_Extracted material_
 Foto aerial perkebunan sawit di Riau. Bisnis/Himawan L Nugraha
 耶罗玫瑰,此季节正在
==
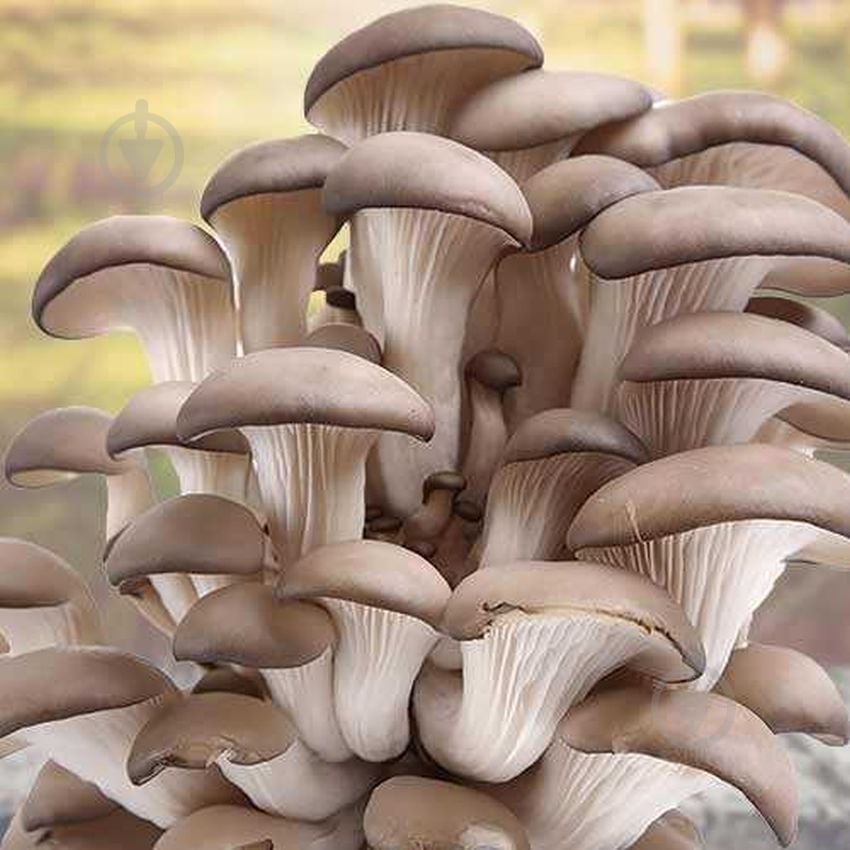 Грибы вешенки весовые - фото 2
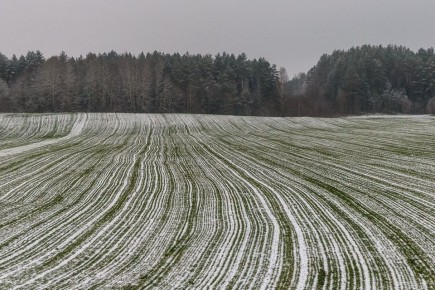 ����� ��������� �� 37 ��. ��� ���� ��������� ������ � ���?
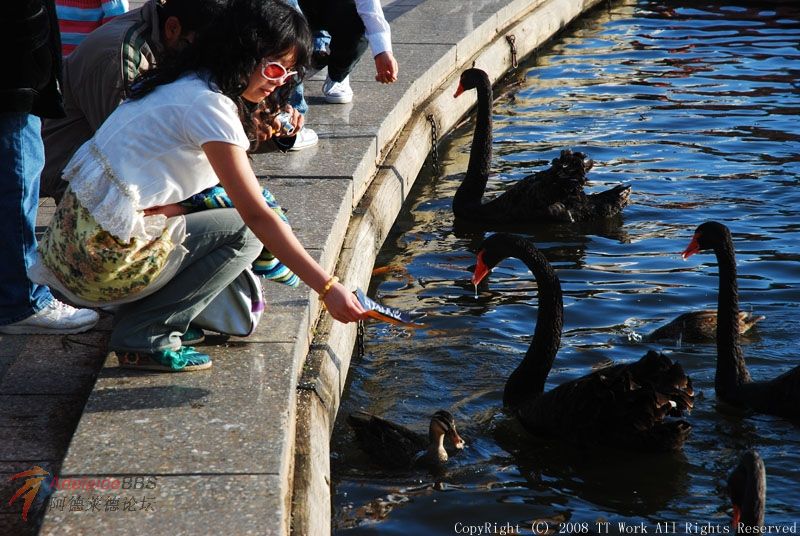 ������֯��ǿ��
--
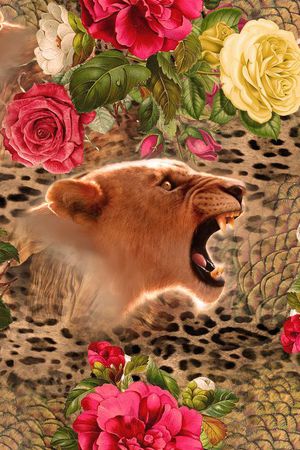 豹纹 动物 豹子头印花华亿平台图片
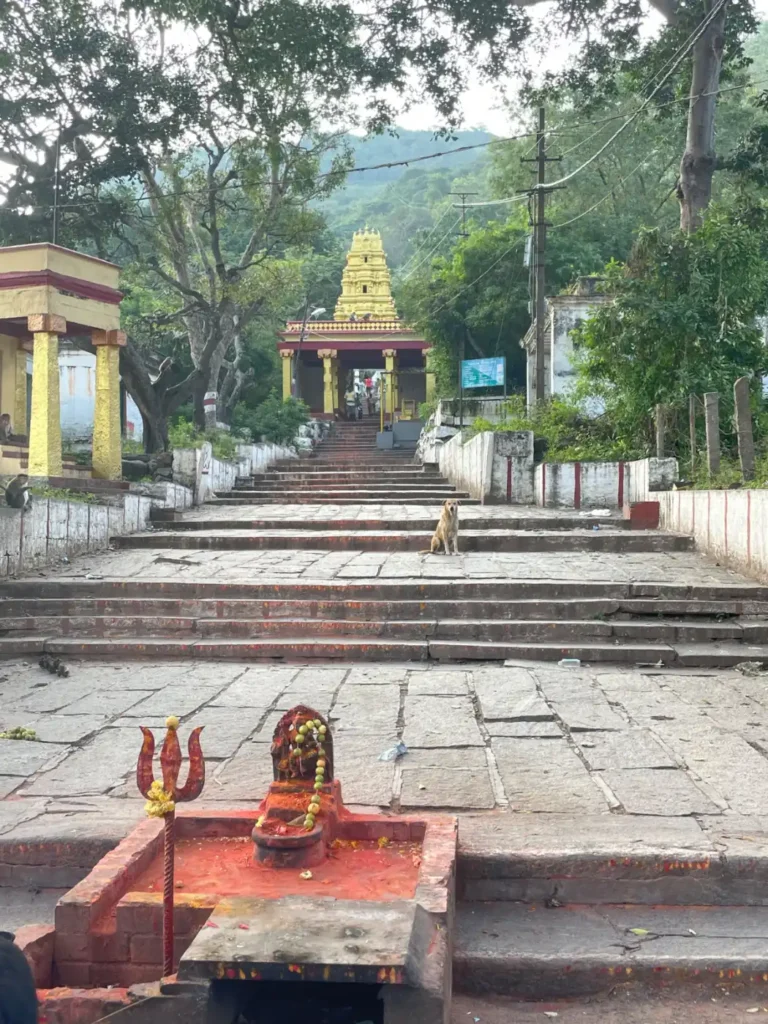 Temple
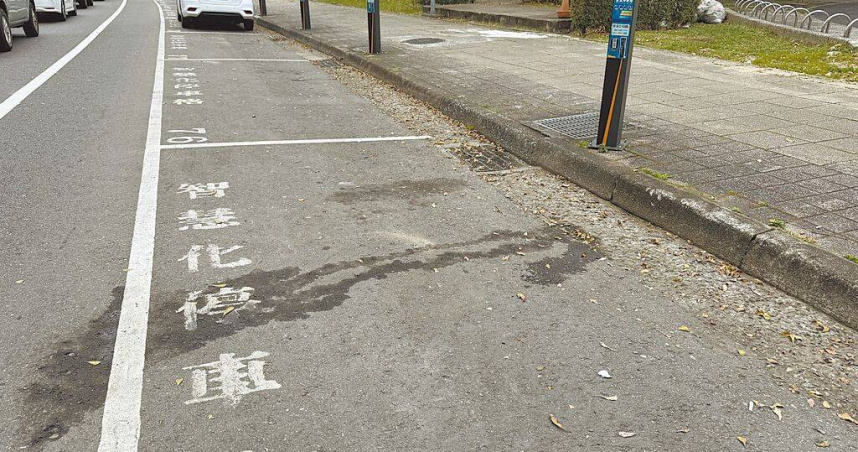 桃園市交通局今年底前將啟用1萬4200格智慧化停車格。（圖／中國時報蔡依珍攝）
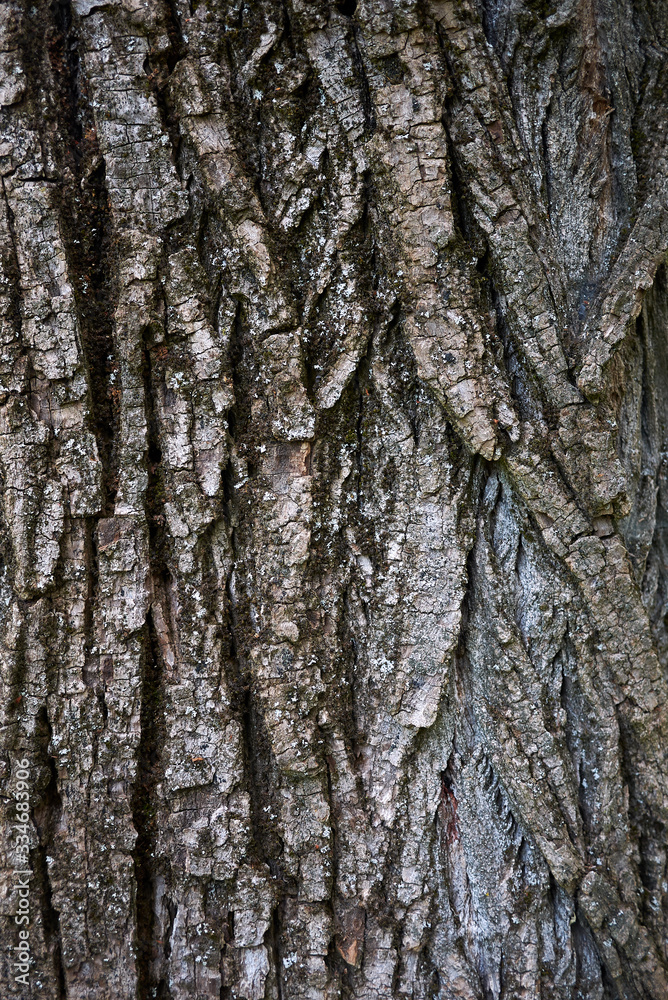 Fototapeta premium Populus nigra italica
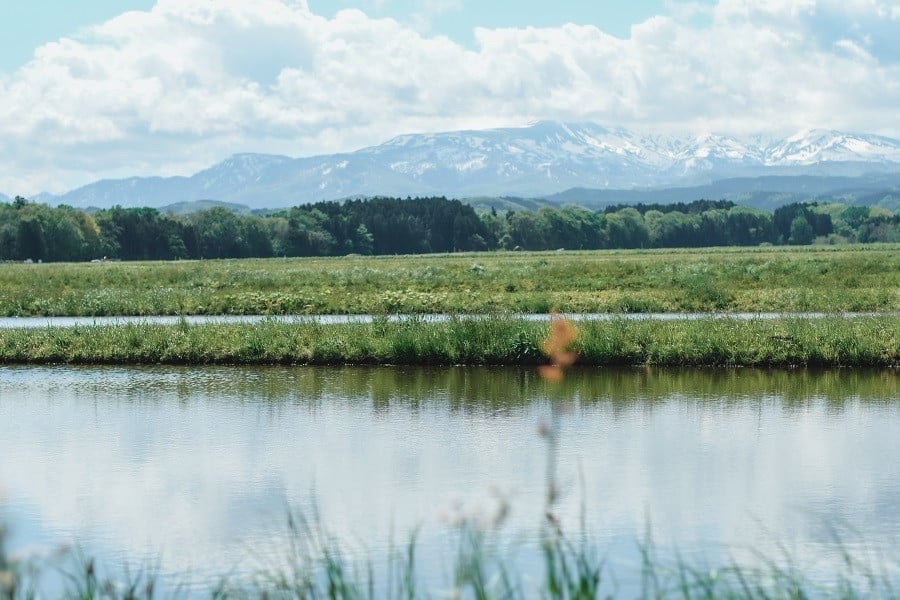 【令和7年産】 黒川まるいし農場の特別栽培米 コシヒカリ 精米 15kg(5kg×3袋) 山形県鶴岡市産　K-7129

_Assignment_
Within the material above, find the part that opens with the line containing "桃園市交通局今年底前將啟用1萬4200格智慧化停車格。（圖／中國時報蔡依珍攝）" and closes with the line containing "精米 15kg(5kg×3袋) 山形県鶴岡市産　K-7129", and reproduce it exactly without the pictures.

_Task result_
 桃園市交通局今年底前將啟用1萬4200格智慧化停車格。（圖／中國時報蔡依珍攝）
 Fototapeta premium Populus nigra italica
 【令和7年産】 黒川まるいし農場の特別栽培米 コシヒカリ 精米 15kg(5kg×3袋) 山形県鶴岡市産　K-7129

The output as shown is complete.